A major problem with the maintenance of recreational vehicles (RV) is the batteries. There are all kinds of reasons for having battery troubles, including under/over-charging, but the peskiest one is the self-discharging of the batteries when your RV sits in storage.
The RV battery disconnect switch plays an important role in keeping your trailer’s battery in good condition even when you are using it after months.
How to Get a Battery Disconnect Switch
Your RV may already have a battery disconnect switch. You should find it easily as there should be labels like “battery” or “battery disconnect” inside the trailer. It’s a red switch with a battery figure drawn on the top panel. In case your RV does not have one, you can opt for an aftermarket RV battery disconnect switch installation.
The switch disconnects the battery’s electrical power or isolates from the house portion of your RV. This prevents parasitic loads such as the stereo, clock, and other appliance circuitry that lead to discharge. Leaving alone without regular charging will damage even the best RV battery.
Do You Need an RV Battery Disconnect Switch?
As the RV battery disconnect switch cuts off your battery from the rest of your unit, and no part of the RV can draw power from the battery, it protects against dangers such as electrical fires and theft. It’s also important to shut off the power as a safety measure when you’re doing maintenance.
Moreover, your appliances drain your batteries slowly even in an unused state, which can add up over time. Your motorhome battery disconnect switch preserves the batteries from such draining and helps them last longer.
Complete power shutdown is necessary when you do repairs or other work on your RV. But a 12 volt battery disconnect switch saves you the hassle. Instead of removing the battery, you can just disconnect the switch.
When your RV is in storage for a long time and you have accidentally left a light on in a compartment or anything inside, your house batteries do not get drained with the RV battery disconnect switch on.

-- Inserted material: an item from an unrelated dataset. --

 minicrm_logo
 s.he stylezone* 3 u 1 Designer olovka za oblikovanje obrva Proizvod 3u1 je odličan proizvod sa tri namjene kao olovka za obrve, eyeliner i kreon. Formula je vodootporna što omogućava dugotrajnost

These are just a few of many good reasons for installing the switch.
How the Battery Disconnect Function Works
An RV relies on two separate electrical systems:
- A 12-volt Direct Current (DC), and
- A120-volt Alternating Current (AC)
12-volt DC is powered by one or more batteries. It powers the refrigerator, furnace, water pump, along with several other things. The 120-volt AC is powered by an electrical hookup plug of your RV or an RV generator. It provides electricity for heavy-use items like kitchen appliances, TV, and other large electrical appliances.
If plugged into any power source, such as a campground RV electrical pedestal, the 12-volt battery automatically charges. When you’re not plugged in, while boondocking or dry camping for instance, your batteries can power anything that runs off 12-volt. Adding an inverter on top will convert the 12-volt battery’s direct current to a 120-volt alternating current, enabling you to power appliances that need 120 volts and to use your vehicle’s electrical outlets. Tracking the discharge time is important, since your RV’s 12-volt system will eventually run out like all batteries and need recharging.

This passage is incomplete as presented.